Industri pun dapat memanfaatkan baterai bekas yang sudah terpakai 70% untuk pemanfaatan lain misalnya penerangan lampu jalan. Pada lampu penerangan, baterai bisa bertahan selama 97 jam.

Penggunaan baterai bekas juga meringankan beban lingkungan. "Daripada langsung didaur ulang, baterai bisa untuk penggunaan lain yang membutuhkan baterai, tapi tidak sebesar kendaraan listrik," kata Henri.

VP Planning & New Venture PT Pertamina Persero Ary Kurniawan menyebutkan Indonesia memerlukan suatu ekosistem dalam pengembangan baterai mobil listrik. Bisnis baterai pada kendaraan listrik cukup menantang sehingga memerlukan biaya yang murah. Untuk itu perlu kolaborasi dengan perusahaan yang lebih dulu menjajaki bisnis baterai. “Dalam mengembangkan bisnis baterai, energi listrik juga harus siap,” kata dia.

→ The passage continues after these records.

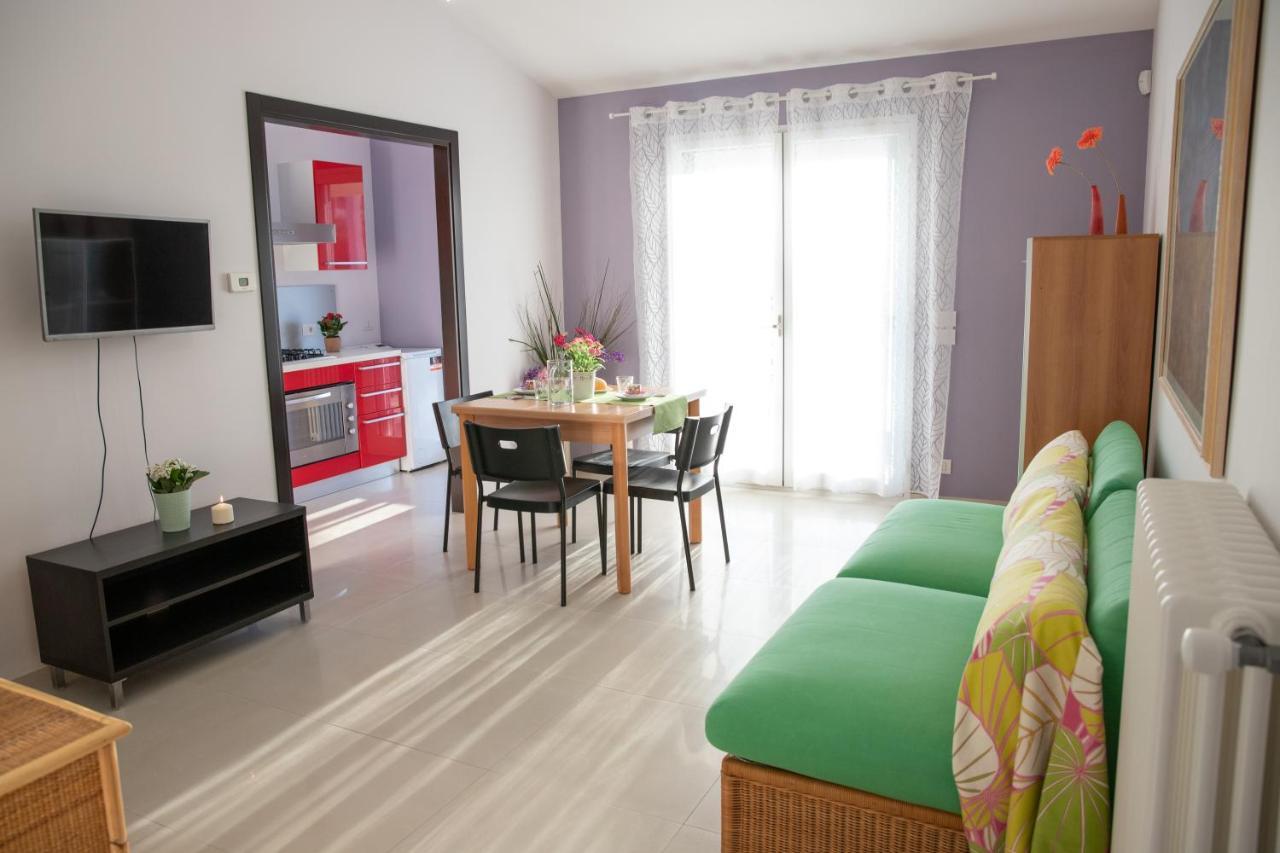 Ki Vista Apartment Марина-ді-Рагуза Екстер'єр фото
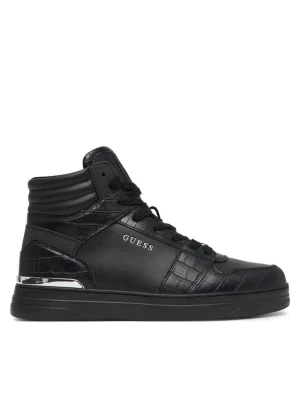 Sneakersy Guess FMFWYS LEL12 Czarny
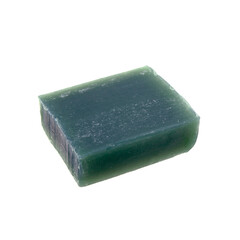 soap bar on the white background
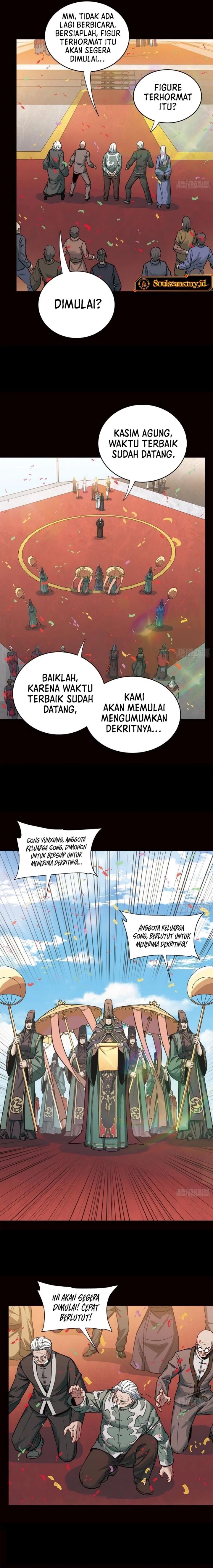 Legend of Star General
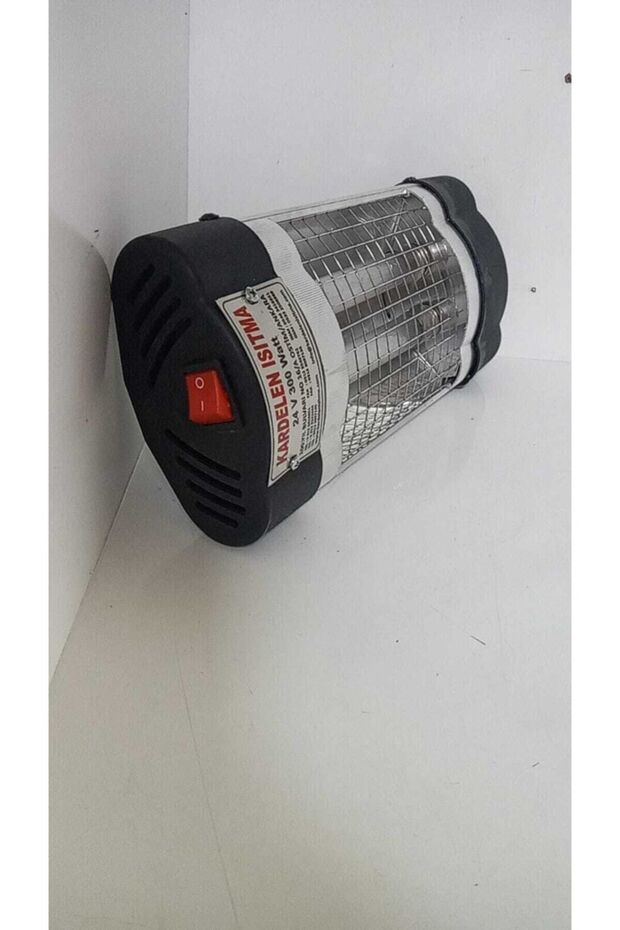 24 Volt Isıtıcı Soba - 3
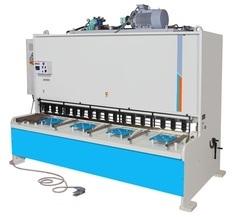 NC PLC CNC Hydraulic Shearing Machine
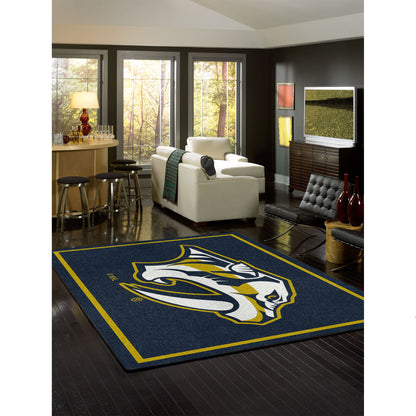 Nashville Predators spirit style area rug life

Tantangan pengembangan baterai mobil listrik di Indonesia lainnya  yakni belum adanya standar pengembangan. Apalagi bisnis ini kemungkinan akan berubah dalam waktu lima tahun. “Kalau standar pengembangan sudah ada, tentu akan jelas mau membangun baterai seperti apa,” ujarnya.